• Task to carry out: The required output is every line from the one containing "AFG3L2 Antibody (N-term)" through the last line of the listing below, copied exactly, pictures excluded.

:: Provided data ::

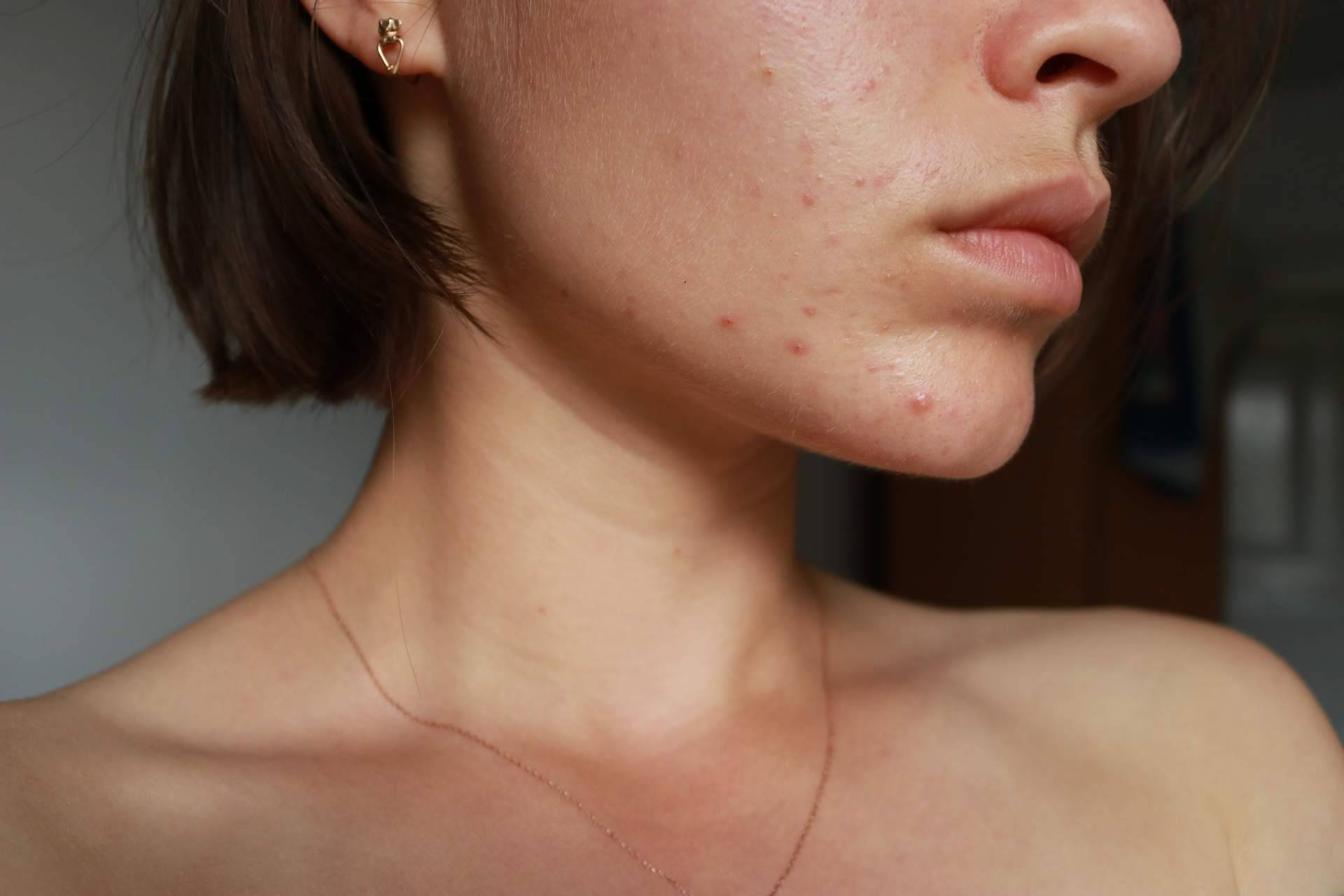 Combatir el acné con la Clínica Tarrazo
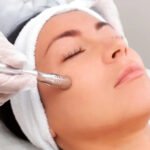 Exosomes Treatment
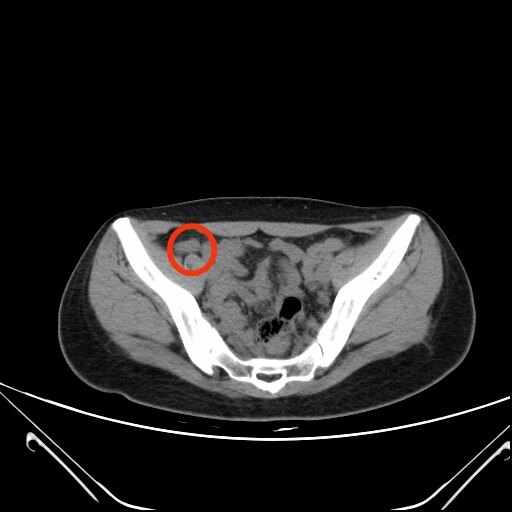 阑尾ct图片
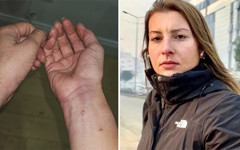 Gazeteci Neyran Elden’e kendi evinde polis şiddeti: Kelepçelendi, biber gazı sıkıldı, darp edildi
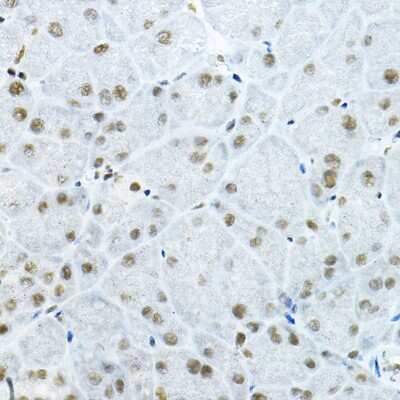 Immunohistochemistry-Paraffin: p66 beta Antibody [NBP2-93311] - Immunohistochemistry of paraffin-embedded mouse pancreas using p66 beta Rabbit pAb (NBP2-93311) at dilution of 1:100 (40x lens). Perform high pressure antigen retrieval with 10 mM citrate buffer pH 6.0 before commencing with IHC staining protocol.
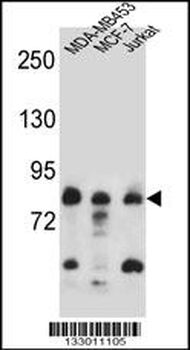 AFG3L2 Antibody (N-term)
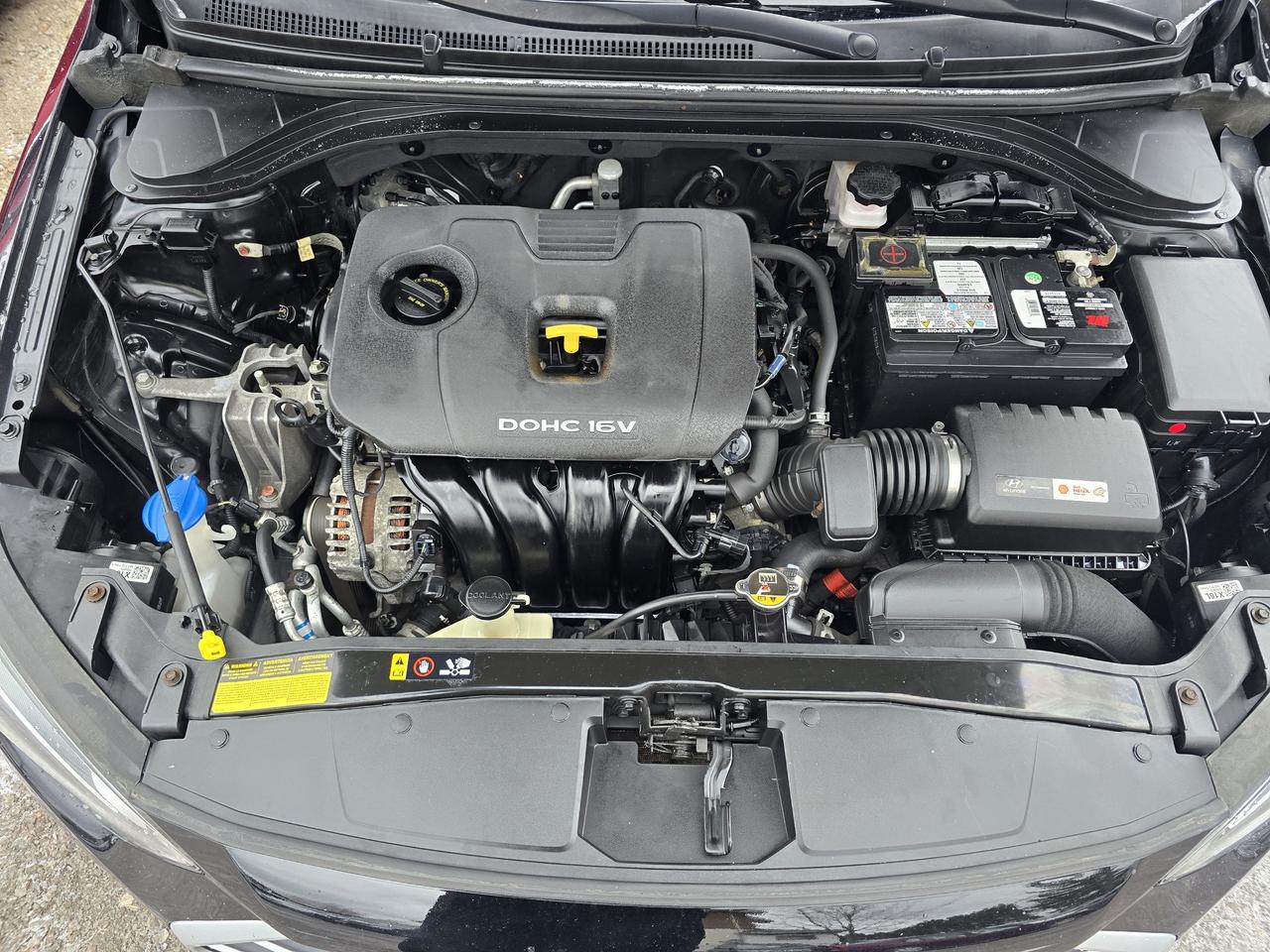 2017 Hyundai Elantra SE Photo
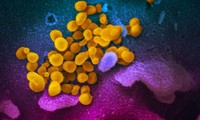 Ảnh chụp dưới kính hiển vi nhóm virus SARS-CoV-2 (màu vàng) trong một bệnh nhân người Mỹ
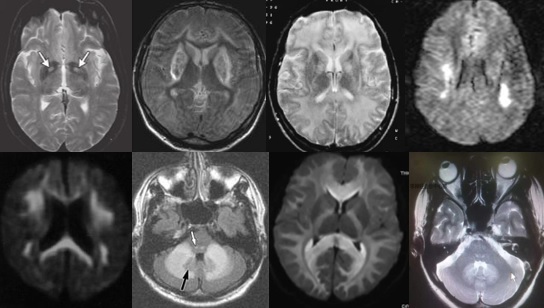 中枢神经脱髓鞘病是重大疾病吗,中枢神经系统脱髓鞘和多发性硬化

:::

• Answer for the task:
 AFG3L2 Antibody (N-term)
 2017 Hyundai Elantra SE Photo
 Ảnh chụp dưới kính hiển vi nhóm virus SARS-CoV-2 (màu vàng) trong một bệnh nhân người Mỹ
 中枢神经脱髓鞘病是重大疾病吗,中枢神经系统脱髓鞘和多发性硬化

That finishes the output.